Input data =>
== Segment start ==

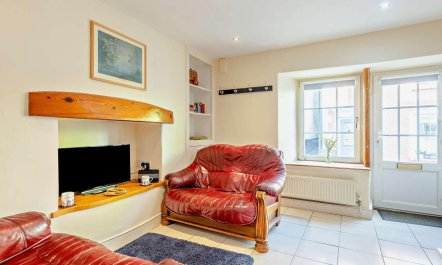 2 Bed in Aberdyfi 2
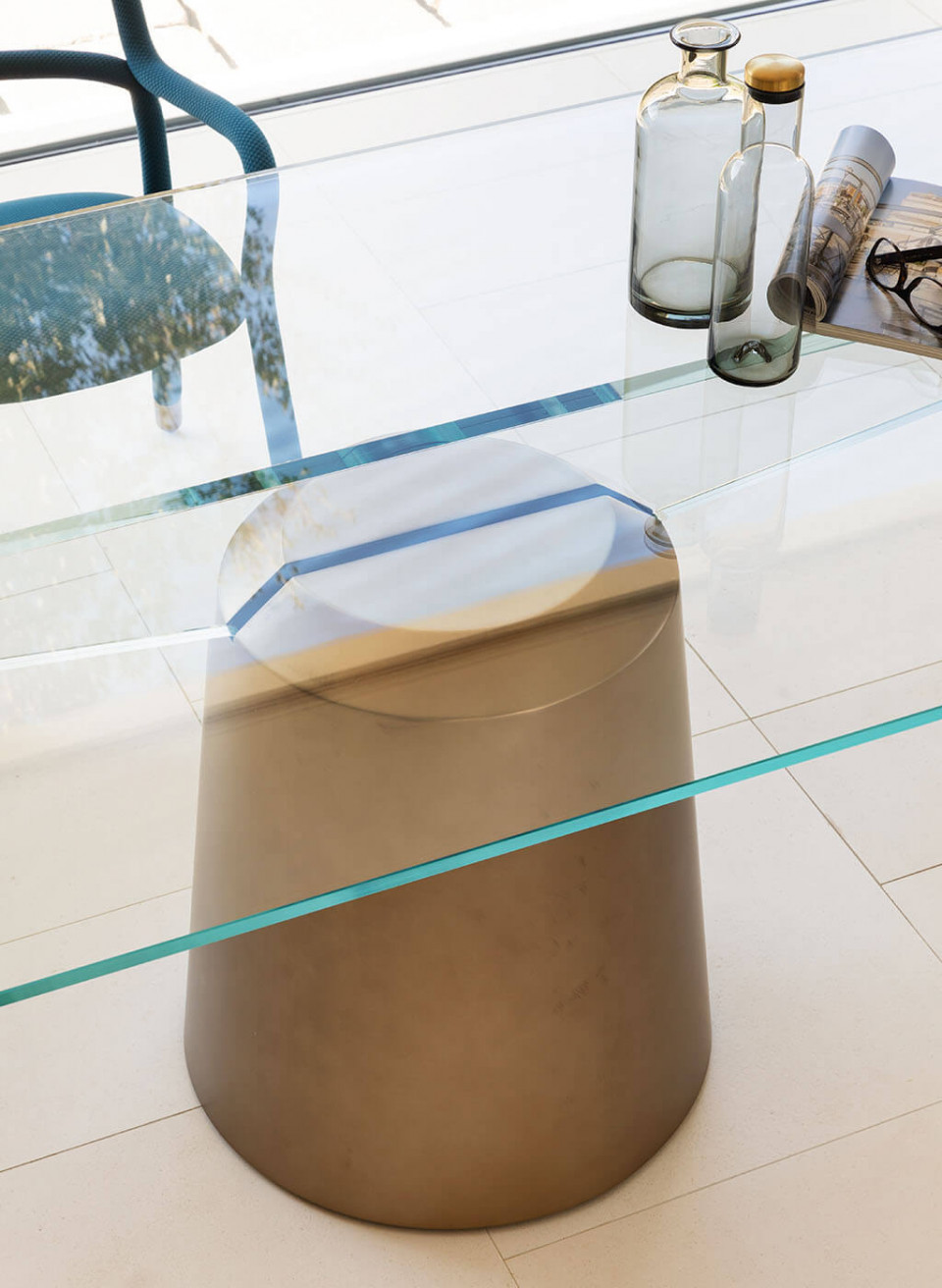 Tavolo rettangolare Spike con piano in vetro trasparente, design Giulio Iacchetti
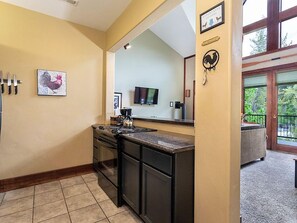 Fridge, microwave, oven, stovetop - Beautiful Loft Condo in the Heart of Bigfork on the Swan River (Bigfork)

== Segment end ==

Work to complete =>
Everything in the data must be printed verbatim except the pictures.

Expected answer =>
 2 Bed in Aberdyfi 2
 Tavolo rettangolare Spike con piano in vetro trasparente, design Giulio Iacchetti
 Fridge, microwave, oven, stovetop - Beautiful Loft Condo in the Heart of Bigfork on the Swan River (Bigfork)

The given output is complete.